この展覧会は高橋龍太郎という精神科医の個人コレクションで、1960年代から現代に至るまでの日本の現代アートを、n=1の単眼的「私」視点であるからこそ、表現者である「私」たちの連なりが、時代性とともに1本の線として俯瞰できる。と、そのような道筋になっていました。
美術に関してはもうすっかり現役ではなくなってしまった私ですが、それでも作品の持つオーラがビシッと体に当たってくる感覚は、残っていると思う、思いたい。
なんて気持ちでしたが、そのように凡庸な「私」的鑑賞態度など初っ端から木っ端微塵になりました。「私」的表現の「私」的コレクションであればこそ、見る側の「私」も問われるんですよ、これ。怖い。
摩耗した言い方ではありますが各所で刃物を突きつけられた感じです。
で、思います。徹底して「私」を突き詰めていった先に鋭く時代性を帯びていくのは文芸も同じで、むろん短歌もそうだろう本当にそうだろう、と。
私的であること。これは普遍性を獲得するための最初にして最大の一歩であって、ひたすらに「私」を掘り込んでいくめちゃくちゃにしんどい作業が、そうよ芸術ってものなのよ、と再認識した次第です。
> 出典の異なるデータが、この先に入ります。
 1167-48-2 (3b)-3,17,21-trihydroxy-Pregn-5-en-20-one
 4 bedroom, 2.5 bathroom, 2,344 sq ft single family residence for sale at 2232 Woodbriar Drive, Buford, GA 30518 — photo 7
そこに自分が刻まれていない作品は、どんなに優れてい(そうに見え)てもどうなのよ、なのだし、逆に自分の映し方ひとつで、全然評価されなくとも私的に大切な作品になりうる。この非対称は短歌に通じていると思ったのです。
一方で批評性を問われる現代アートと異なり短歌というフォーマットが持つなぜだかナルシズムとの抜群の相性の良さは、「私」の見つめようで何かが決定的に分かれるな、とも思いました。
そんなふうに考えながら、会場を後にしたのでした。